[development] DB abstraction layer_S_

Larry Garfield larry at garfieldtech.com
Mon Dec 3 19:53:40 UTC 2007


On Mon, 3 Dec 2007 18:56:41 +0100, Ivan Sergio Borgonovo <mail at webthatworks.it> wrote:

>> > I'd provide more than one very thin layer of abstraction.
>> > A higher level could be an ORM specialised on the most important
>> > objects in Drupal (nodes, users, taxonomy...).
>> > At a lower level an SQL rewriting engine that could be extended
>> > later that will support the most popular SQL functions and
>> > operations across different DB.
>> > At the lowest level a way to directly write SQL with a default not
>> > optimised route using the second level of abstraction and a
>> > specific DB route for each DB if the developers are willing to
>> > optimise, but in a more elegant way than writing switch.
> 
>> That's sort of what I'm looking at.  Layer 1 is a revised
> 
> I'm married ;)

ROFL!

>> db_query() to use PDO in a type-agnostic way.  Layer 3 is
>> node_load() and kin.  Layer 2, for insert/update/delete, are new
>> utility functions that build the query for you based on arrays.
> 
> I think we could a) get a broader picture looking at real ORM (as
> SQLAlchemy and Co. and maybe something in RoR) then narrow down what
> we generally (with a reasonable abundant generally) do and later
> write a "sql cross compiler".

I've started looking into code for ADODB, but dear god that thing is ginormous.  I am a big big fan of small but powerful code. :-)

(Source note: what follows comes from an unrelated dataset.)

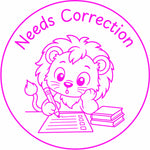 Teacher stamp “Needs Correction” for revision and next-step feedback – Pink ink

> I did some experiments that should be similar to yours with arrays to
> live with MS SQL and pgsql and recycle Drupal api but well... I'm not
> that convinced. I mean... tons of people did it before me and I don't
> feel as smart as getting it right without looking at real
> implementations reasonably carefully.
> Another important thing is the acceptance of such a method and making
> it uniform to all the rest (schema api).
> So... some how arrays (aka meta info) are the only way to go and it
> looks to late unless we're going to change schema api as well.
> ORM in python are well pythonic. A specialised-ORM in Drupal has to
> be drupalish or there won't be acceptance and it will be hard to
> "remember".

As powerful as arrays are, they're not the end-all and be-all.  I have a feeling that the days of no-objects-in-core are numbered.  We just have to be careful not to reimplement Java. :-)

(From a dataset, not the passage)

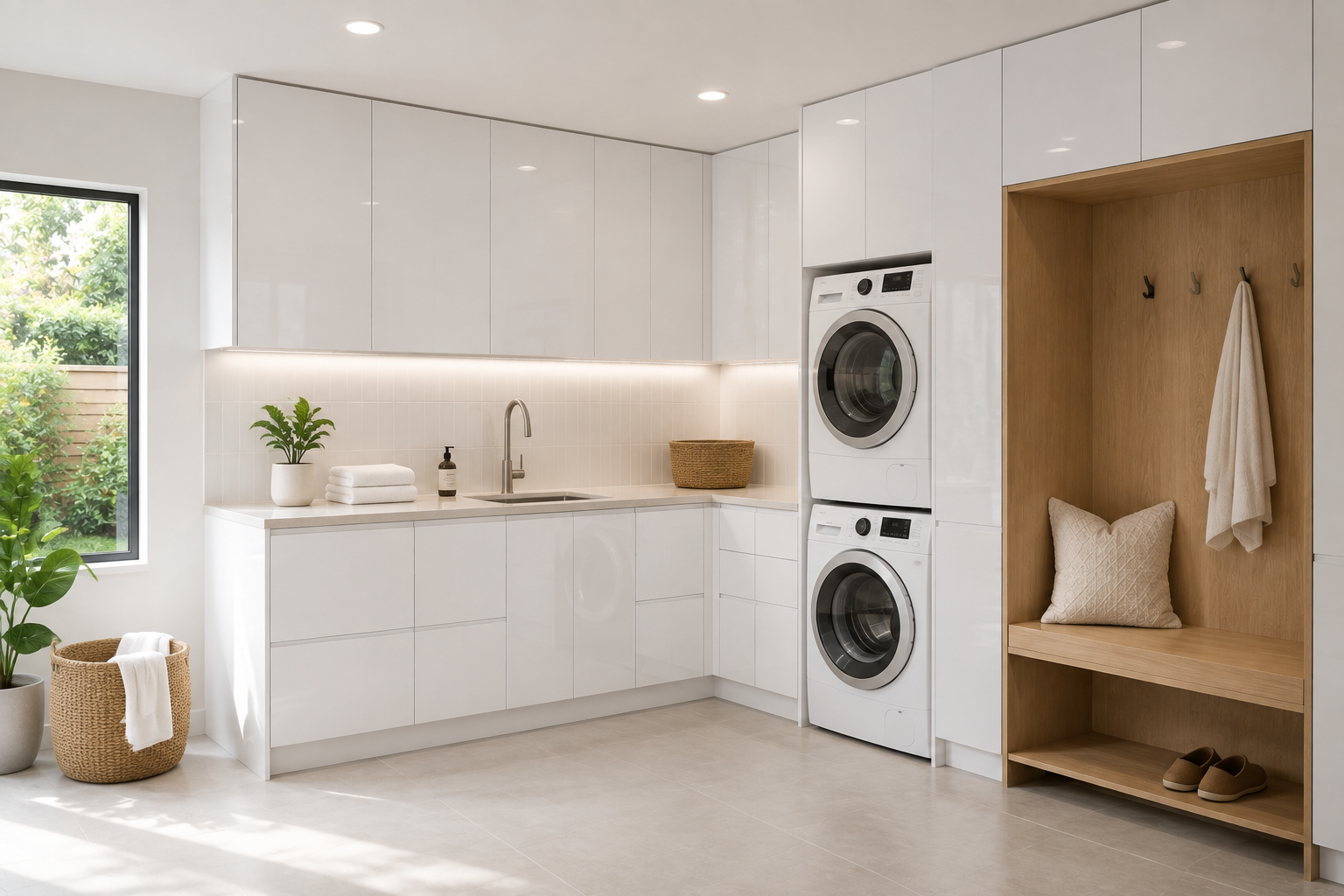Modern laundry room with white cabinets, a stacked washer and dryer, a window showing a garden, and a built-in wooden nook with hooks, a pillow, and slippers.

> BTW I'm working on profile info and it is a pain how forms are so
> similar to the profile array but still different. And it is not that
> fun to write a form2profile function to transform an array in another
> array. It would be very nice if you could juggle schema and query
> meta info. eg. most of the times $header for table api could be
> deduced from the field list or the opposite...
> 
>> The part I'm still trying to figure out is Layer 2 for SELECT
>> statements.  So far the best I've come up with is a very-simple-api
>> query builder (probably a fluent API) object that for complex
>> queries (complex meaning "contains a function") you *must* use.
> 
> I didn't get it.
> 
>> I'm not sure if that is an acceptable solution, however.
> 
> Any sample?

Well, I've nothing written yet.  It's still in the "simmer in the back of my head for a while" stage.  But off the cuff, I'm thinking something vaguely along the lines of:

$select = db_select();

$select->join('node', 'n')->join('user', 'u')->field('uid', 'n')->countField('nid', 'n', 'num_nids')
  ->where('type', 'n', 'page')->group('uid', 'n')->order('num_nids', 'DESC')->limit(0, 5);

$result = $select->execute();

Which in MySQL would translate to:

SELECT n.uid, count(n.nid) as num_nids
FROM node n INNER JOIN users u ON n.uid=u.uid
WHERE n.type='page' 
GROUP BY n.uid
ORDER BY num_nids DESC
LIMIT 5

A Fluent API (mutator methods return $this, so you can chain calls like in jQuery) makes the syntax much easier and shorter, and lets you specify things in any order.  It also then serves as a very easy arbitrary query builder, which (maybe maybe maybe) can then become the core of Views-partially-in-core.  Of course, SELECT statements can get extremely complex, which is why I'm wary of this method as it means we will almost certainly end up making certain edge-case queries impossible.  As I said, still percolating.